パウエルFRB議長インフレ率と失業率のいずれも高い状況であれば、FRBは利上げするかという困難な決断を迫られる可能性があると言及したパウエルFRB議長 Photo:Kevin Dietsch/gettyimages

FRBは11月にテーパリング開始
来年の利上げ開始を意味せず

 11月2日、3日に開催される米連邦公開市場委員会(FOMC)では、月額1200億ドルの資産買入の縮小(テーパリング)が決定されるだろう。9月22日のFOMC声明文には、「資産購入ペースの減速が近く正当化されると委員会は判断する」との予告が記されていた。また、パウエル米連邦準備制度理事会(FRB)議長は、9月FOMC後の記者会見で、資産買入の終了時期について、2022年半ばまでに緩やかに終了することを示唆した。

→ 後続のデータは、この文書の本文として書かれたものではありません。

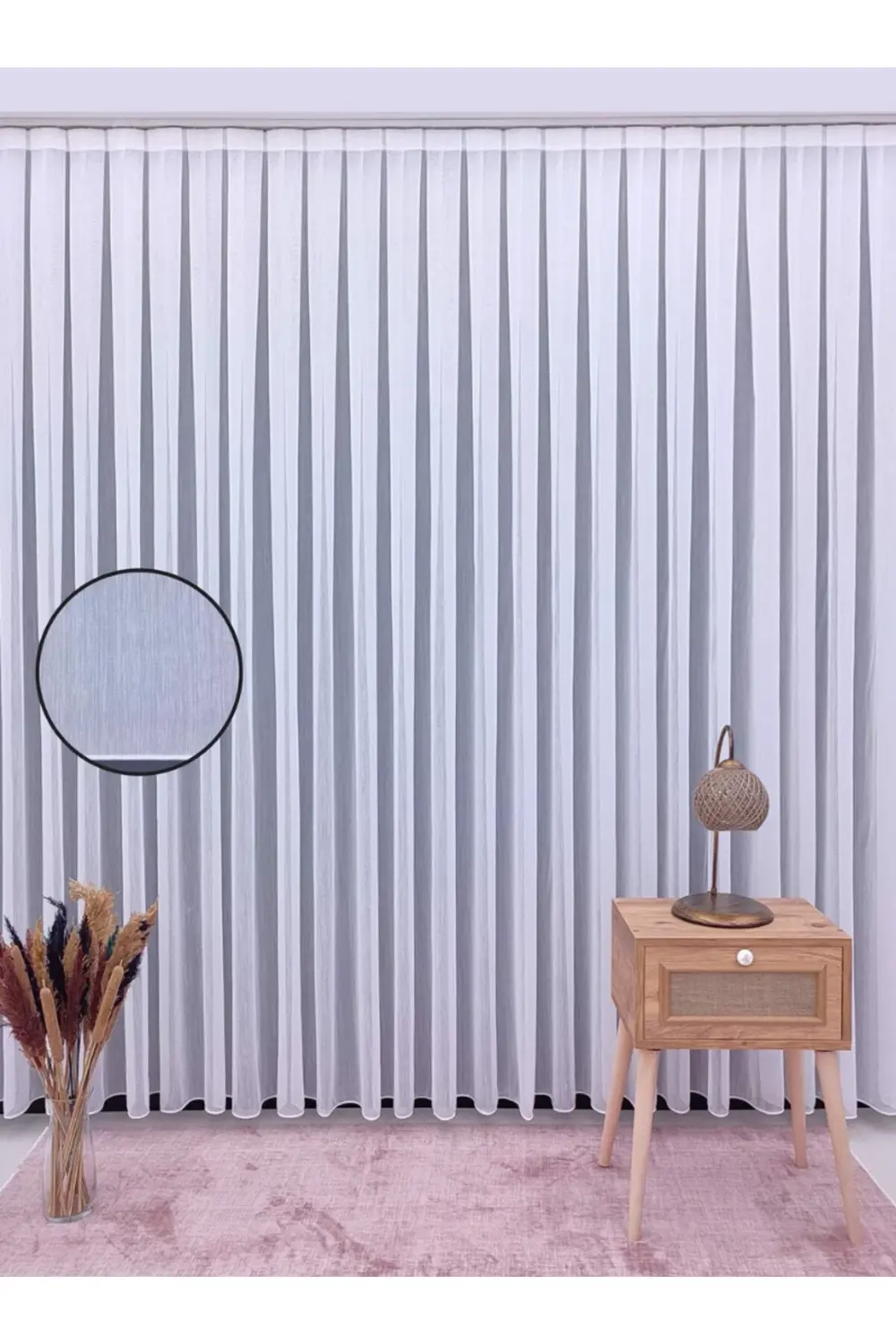 İtalyan Koleksiyon Modern Bambu Sedef Lüx Tül Perde Yüksek Kalite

 しかし、テーパリングが2022年半ばに終了したとしても、2022年中に利上げが始まることを意味するわけではない。パウエルFRB議長は、9月のFOMC後の記者会見で「テーパリングは利上げのタイミングについて直接的なシグナルを送るものではない」と述べた。

 また同議長は、2022年の利上げ開始を予想するFOMCメンバーが全体の半数いる点について、「利上げを予想する参加者は、より低い失業率を想定している」と指摘。FOMCメンバーの経済見通しの幅が広いことに触れて、2022年の利上げ見通しに市場が過剰に反応することをけん制した。

 FRBが利上げを急がなければ、米長期金利の上昇も緩やかに止まるとみられ、米国株の下落リスクは小さくなるだろう。